What needs to be done
Nothing but the lines from the one with "A colorful mural" through the end of the listing should be reproduced, each exactly and with pictures omitted.

- - - - - - -

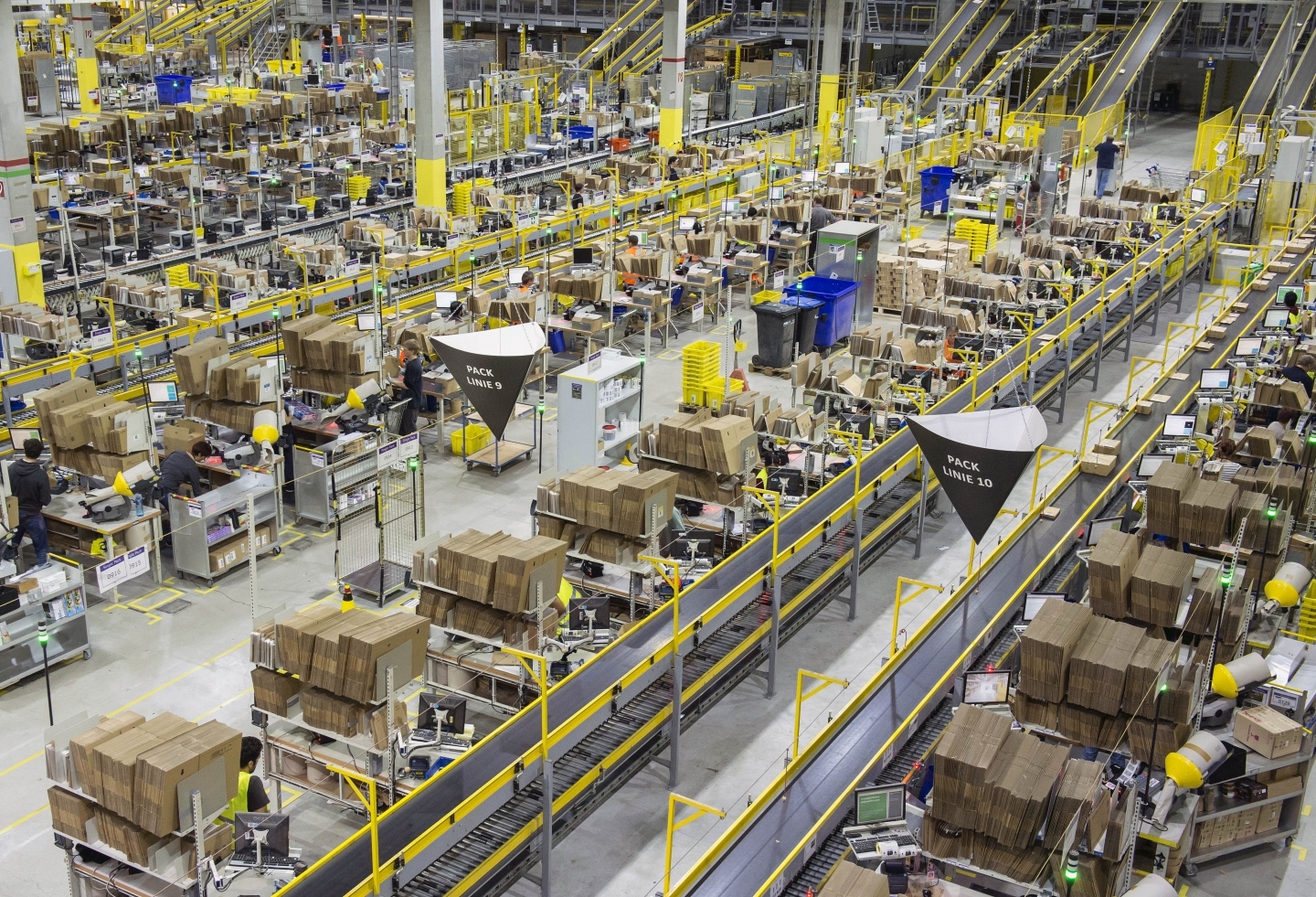 Artificial intelligence and people work side by side in an Amazon distribution centre. (AP Photo/Jens Meyer)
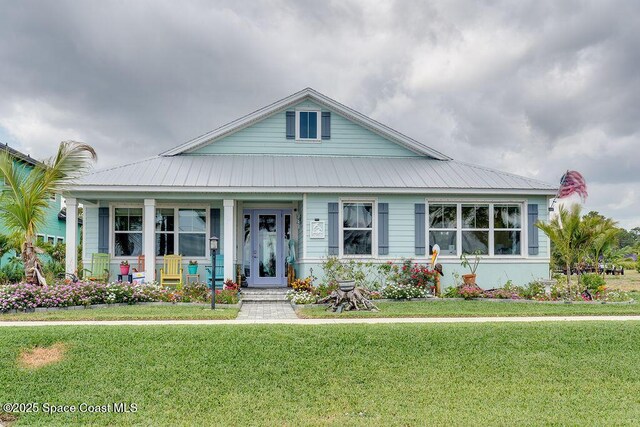 5250 Riveredge Dr, Titusville, FL 32780 - view of front of home featuring a front yard, a porch, and metal roof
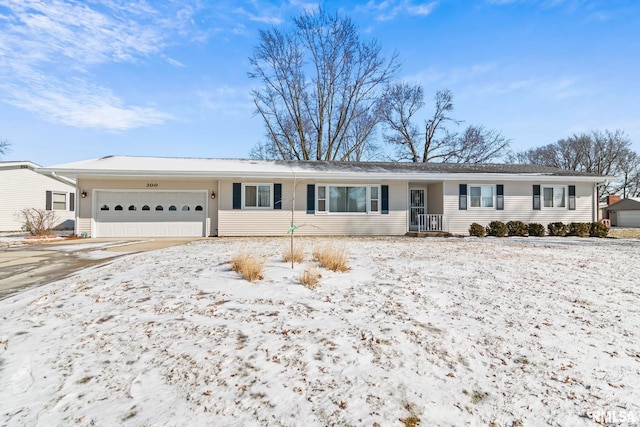 single story home featuring an attached garage and driveway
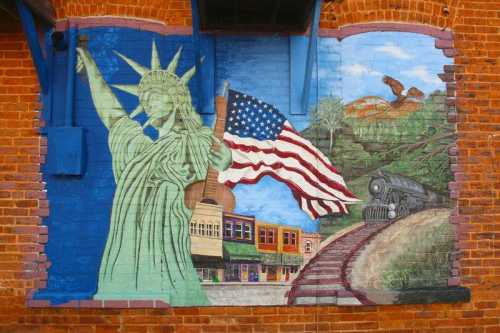 A colorful mural featuring the Statue of Liberty, an American flag, a train, and a scenic landscape.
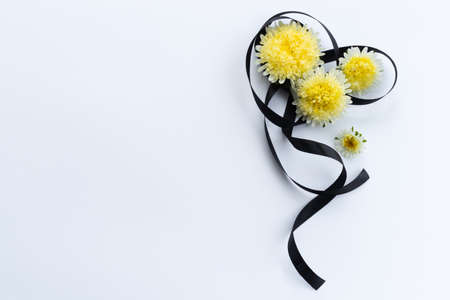Decoration from black funeral ribbon with yellow flowers.の写真素材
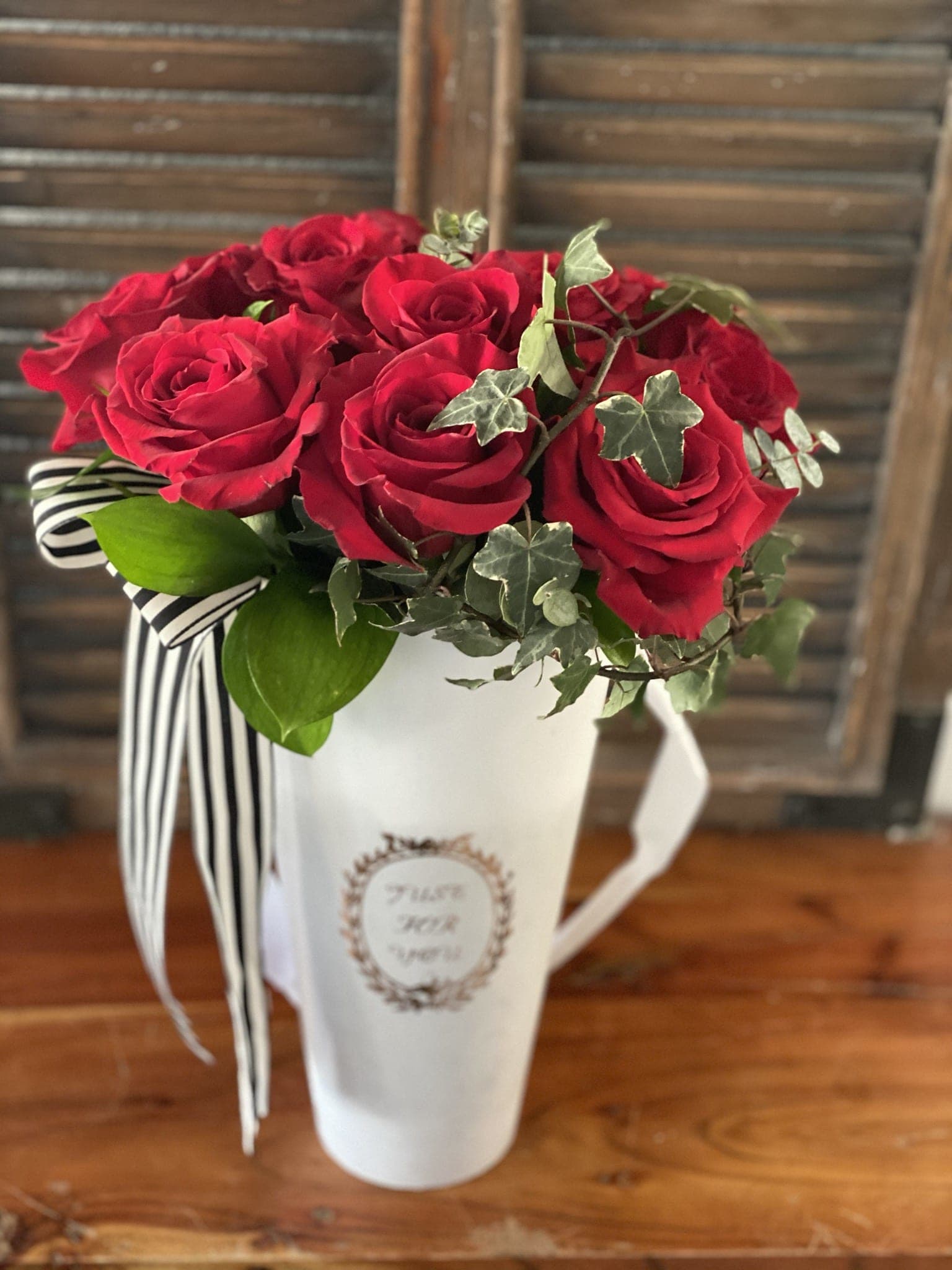 Bucket of Love  - A 15” white or black bucket with 8 red roses to demonstrate your love.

- - - - - - -

Finished task
 A colorful mural featuring the Statue of Liberty, an American flag, a train, and a scenic landscape.
Decoration from black funeral ribbon with yellow flowers.の写真素材
 Bucket of Love  - A 15” white or black bucket with 8 red roses to demonstrate your love.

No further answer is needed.